Under this line are the records; write out word for word the part that begins at the line containing "Rustic Metal Chandelier" and ends at the line containing "Obraz czarno-biała mapa", and no more.

Saved entries:
↓↓↓

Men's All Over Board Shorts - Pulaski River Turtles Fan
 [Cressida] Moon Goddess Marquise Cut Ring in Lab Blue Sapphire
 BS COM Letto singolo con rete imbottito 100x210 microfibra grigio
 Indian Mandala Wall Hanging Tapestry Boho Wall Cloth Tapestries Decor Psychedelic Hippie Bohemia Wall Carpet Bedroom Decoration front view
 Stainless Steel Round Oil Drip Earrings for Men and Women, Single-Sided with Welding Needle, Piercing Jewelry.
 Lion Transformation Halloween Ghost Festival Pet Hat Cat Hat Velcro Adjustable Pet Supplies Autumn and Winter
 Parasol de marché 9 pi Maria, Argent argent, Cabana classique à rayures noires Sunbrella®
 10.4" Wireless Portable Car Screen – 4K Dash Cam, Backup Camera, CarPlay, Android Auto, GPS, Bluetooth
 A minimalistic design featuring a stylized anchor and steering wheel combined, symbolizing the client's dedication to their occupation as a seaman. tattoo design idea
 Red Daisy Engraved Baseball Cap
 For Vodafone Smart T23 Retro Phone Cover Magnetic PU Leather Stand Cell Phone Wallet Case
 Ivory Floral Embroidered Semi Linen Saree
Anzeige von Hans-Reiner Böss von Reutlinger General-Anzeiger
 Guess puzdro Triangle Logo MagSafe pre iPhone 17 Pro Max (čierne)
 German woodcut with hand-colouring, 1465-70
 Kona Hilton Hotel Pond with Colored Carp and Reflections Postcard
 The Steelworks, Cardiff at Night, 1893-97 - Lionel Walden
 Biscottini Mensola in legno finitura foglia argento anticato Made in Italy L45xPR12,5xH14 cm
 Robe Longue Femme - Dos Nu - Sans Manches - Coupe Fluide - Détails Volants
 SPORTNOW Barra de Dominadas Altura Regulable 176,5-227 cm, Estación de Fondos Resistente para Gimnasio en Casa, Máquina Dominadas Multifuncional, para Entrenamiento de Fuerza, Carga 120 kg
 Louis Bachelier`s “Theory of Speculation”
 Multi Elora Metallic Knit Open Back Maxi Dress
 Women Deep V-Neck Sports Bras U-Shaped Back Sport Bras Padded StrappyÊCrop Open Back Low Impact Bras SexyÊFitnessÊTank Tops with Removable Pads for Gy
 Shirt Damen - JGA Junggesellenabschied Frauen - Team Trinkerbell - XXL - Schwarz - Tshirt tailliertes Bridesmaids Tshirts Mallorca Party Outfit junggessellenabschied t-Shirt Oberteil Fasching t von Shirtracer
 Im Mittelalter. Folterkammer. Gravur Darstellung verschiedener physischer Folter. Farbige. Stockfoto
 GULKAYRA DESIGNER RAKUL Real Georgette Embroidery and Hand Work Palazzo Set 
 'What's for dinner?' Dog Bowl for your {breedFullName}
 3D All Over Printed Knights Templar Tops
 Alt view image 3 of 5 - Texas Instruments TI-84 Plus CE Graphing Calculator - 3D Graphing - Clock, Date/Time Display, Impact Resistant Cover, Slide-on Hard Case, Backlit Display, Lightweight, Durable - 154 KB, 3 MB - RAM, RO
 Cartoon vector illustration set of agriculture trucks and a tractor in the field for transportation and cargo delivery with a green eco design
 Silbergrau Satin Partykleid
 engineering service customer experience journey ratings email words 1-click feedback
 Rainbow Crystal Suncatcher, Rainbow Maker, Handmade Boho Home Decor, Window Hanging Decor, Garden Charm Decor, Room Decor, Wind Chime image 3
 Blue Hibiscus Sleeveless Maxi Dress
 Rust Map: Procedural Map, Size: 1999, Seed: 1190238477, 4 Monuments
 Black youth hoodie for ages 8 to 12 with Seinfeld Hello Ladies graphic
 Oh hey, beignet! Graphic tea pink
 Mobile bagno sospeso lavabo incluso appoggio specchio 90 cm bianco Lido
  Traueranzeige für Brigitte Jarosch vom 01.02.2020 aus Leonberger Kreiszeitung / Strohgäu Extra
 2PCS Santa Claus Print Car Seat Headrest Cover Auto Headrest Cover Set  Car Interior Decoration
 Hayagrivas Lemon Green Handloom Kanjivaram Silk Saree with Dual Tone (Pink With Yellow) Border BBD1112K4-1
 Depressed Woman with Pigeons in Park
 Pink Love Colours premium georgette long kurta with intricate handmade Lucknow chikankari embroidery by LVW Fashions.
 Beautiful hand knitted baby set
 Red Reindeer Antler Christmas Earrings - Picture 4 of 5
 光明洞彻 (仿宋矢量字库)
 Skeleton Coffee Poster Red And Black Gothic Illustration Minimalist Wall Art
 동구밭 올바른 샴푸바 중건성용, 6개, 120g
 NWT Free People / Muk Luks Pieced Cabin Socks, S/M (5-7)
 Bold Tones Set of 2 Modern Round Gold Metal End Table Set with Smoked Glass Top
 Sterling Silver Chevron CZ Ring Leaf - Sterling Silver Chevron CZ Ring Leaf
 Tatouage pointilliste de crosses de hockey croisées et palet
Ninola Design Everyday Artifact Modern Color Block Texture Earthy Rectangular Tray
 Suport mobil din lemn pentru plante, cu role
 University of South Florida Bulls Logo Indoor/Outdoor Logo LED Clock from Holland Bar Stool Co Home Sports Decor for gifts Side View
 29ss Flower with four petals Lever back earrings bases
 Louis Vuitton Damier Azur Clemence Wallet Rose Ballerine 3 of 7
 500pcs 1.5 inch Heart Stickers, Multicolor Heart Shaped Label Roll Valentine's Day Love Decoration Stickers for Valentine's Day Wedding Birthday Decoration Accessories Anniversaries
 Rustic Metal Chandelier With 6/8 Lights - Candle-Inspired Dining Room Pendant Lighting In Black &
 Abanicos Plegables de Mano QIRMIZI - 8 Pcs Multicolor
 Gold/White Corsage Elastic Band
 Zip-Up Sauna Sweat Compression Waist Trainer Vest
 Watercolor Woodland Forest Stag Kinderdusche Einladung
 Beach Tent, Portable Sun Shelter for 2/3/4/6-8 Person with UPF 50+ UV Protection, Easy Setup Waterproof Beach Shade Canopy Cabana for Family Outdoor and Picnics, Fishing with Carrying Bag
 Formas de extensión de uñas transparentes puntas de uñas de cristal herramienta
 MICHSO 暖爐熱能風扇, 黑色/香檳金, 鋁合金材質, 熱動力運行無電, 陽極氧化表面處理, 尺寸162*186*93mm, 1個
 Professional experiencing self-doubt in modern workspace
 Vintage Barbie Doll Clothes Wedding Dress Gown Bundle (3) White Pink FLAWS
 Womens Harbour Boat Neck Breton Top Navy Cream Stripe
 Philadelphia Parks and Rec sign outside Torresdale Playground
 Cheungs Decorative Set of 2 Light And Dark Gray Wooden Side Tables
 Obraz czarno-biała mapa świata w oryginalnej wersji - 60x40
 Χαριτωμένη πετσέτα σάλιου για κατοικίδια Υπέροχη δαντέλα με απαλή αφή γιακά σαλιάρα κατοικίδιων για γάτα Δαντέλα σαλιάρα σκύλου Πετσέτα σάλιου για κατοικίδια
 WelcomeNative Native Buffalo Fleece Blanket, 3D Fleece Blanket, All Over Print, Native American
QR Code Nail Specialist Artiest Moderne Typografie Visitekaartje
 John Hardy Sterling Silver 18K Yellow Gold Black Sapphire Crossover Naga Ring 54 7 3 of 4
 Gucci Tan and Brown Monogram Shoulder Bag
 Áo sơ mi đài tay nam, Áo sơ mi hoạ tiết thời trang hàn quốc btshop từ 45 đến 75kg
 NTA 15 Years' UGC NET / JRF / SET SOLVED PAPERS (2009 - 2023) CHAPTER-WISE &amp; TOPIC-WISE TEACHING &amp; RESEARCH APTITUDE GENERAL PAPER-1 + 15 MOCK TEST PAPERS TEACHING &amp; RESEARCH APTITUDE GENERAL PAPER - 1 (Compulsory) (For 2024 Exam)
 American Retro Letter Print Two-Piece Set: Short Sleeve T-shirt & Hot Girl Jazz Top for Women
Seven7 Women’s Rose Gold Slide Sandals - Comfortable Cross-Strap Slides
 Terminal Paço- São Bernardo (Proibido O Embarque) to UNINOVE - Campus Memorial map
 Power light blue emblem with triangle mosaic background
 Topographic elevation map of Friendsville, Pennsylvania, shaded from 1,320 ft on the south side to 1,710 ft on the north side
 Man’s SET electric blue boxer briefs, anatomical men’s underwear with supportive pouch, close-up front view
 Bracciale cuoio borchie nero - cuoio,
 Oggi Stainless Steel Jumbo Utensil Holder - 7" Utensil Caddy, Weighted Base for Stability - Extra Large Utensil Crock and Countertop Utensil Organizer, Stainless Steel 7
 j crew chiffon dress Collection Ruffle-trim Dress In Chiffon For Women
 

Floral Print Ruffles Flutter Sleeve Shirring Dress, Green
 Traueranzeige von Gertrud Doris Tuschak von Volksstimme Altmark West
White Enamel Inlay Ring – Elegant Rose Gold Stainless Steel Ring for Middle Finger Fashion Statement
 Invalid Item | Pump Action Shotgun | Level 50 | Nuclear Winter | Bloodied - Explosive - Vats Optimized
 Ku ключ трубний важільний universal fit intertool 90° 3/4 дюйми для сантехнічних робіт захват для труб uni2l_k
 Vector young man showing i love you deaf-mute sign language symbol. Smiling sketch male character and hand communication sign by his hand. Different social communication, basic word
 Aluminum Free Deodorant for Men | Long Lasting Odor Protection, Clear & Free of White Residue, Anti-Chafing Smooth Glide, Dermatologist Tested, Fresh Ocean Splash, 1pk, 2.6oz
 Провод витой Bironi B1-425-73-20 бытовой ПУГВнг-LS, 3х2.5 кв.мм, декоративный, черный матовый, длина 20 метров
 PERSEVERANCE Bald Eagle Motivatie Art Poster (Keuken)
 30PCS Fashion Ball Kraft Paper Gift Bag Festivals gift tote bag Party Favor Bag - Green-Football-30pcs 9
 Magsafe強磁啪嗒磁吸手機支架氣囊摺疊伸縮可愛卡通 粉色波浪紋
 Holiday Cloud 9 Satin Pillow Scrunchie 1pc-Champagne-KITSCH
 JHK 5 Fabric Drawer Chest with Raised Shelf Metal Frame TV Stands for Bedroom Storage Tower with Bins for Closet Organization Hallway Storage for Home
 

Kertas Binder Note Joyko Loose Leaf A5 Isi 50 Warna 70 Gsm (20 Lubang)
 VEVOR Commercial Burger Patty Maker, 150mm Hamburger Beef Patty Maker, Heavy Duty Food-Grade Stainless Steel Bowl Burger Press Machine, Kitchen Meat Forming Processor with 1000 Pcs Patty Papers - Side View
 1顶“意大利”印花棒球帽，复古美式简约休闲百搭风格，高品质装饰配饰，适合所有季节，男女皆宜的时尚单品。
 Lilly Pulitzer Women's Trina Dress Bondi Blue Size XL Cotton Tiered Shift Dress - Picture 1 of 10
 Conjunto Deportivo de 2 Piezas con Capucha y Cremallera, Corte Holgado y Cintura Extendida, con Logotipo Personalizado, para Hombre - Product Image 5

↑↑↑

Output below:
 Rustic Metal Chandelier With 6/8 Lights - Candle-Inspired Dining Room Pendant Lighting In Black &
 Abanicos Plegables de Mano QIRMIZI - 8 Pcs Multicolor
 Gold/White Corsage Elastic Band
 Zip-Up Sauna Sweat Compression Waist Trainer Vest
 Watercolor Woodland Forest Stag Kinderdusche Einladung
 Beach Tent, Portable Sun Shelter for 2/3/4/6-8 Person with UPF 50+ UV Protection, Easy Setup Waterproof Beach Shade Canopy Cabana for Family Outdoor and Picnics, Fishing with Carrying Bag
 Formas de extensión de uñas transparentes puntas de uñas de cristal herramienta
 MICHSO 暖爐熱能風扇, 黑色/香檳金, 鋁合金材質, 熱動力運行無電, 陽極氧化表面處理, 尺寸162*186*93mm, 1個
 Professional experiencing self-doubt in modern workspace
 Vintage Barbie Doll Clothes Wedding Dress Gown Bundle (3) White Pink FLAWS
 Womens Harbour Boat Neck Breton Top Navy Cream Stripe
 Philadelphia Parks and Rec sign outside Torresdale Playground
 Cheungs Decorative Set of 2 Light And Dark Gray Wooden Side Tables
 Obraz czarno-biała mapa świata w oryginalnej wersji - 60x40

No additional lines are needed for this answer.